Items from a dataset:
= Beginning of Section =

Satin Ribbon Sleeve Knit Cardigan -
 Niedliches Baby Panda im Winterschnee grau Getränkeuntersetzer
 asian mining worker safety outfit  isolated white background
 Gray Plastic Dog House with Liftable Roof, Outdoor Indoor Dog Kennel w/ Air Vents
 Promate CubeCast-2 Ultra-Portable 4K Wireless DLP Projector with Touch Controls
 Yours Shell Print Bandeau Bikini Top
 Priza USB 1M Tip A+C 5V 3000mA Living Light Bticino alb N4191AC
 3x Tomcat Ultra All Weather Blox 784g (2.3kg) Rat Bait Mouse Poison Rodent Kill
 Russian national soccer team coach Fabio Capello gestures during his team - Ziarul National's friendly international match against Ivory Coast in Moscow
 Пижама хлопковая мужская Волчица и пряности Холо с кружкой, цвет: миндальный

= End of Section =

◆ **Try it**: Could you give the data again, word for word?

◆ **Response to the exercise**:
Satin Ribbon Sleeve Knit Cardigan -
 Niedliches Baby Panda im Winterschnee grau Getränkeuntersetzer
 asian mining worker safety outfit  isolated white background
 Gray Plastic Dog House with Liftable Roof, Outdoor Indoor Dog Kennel w/ Air Vents
 Promate CubeCast-2 Ultra-Portable 4K Wireless DLP Projector with Touch Controls
 Yours Shell Print Bandeau Bikini Top
 Priza USB 1M Tip A+C 5V 3000mA Living Light Bticino alb N4191AC
 3x Tomcat Ultra All Weather Blox 784g (2.3kg) Rat Bait Mouse Poison Rodent Kill
 Russian national soccer team coach Fabio Capello gestures during his team - Ziarul National's friendly international match against Ivory Coast in Moscow
 Пижама хлопковая мужская Волчица и пряности Холо с кружкой, цвет: миндальный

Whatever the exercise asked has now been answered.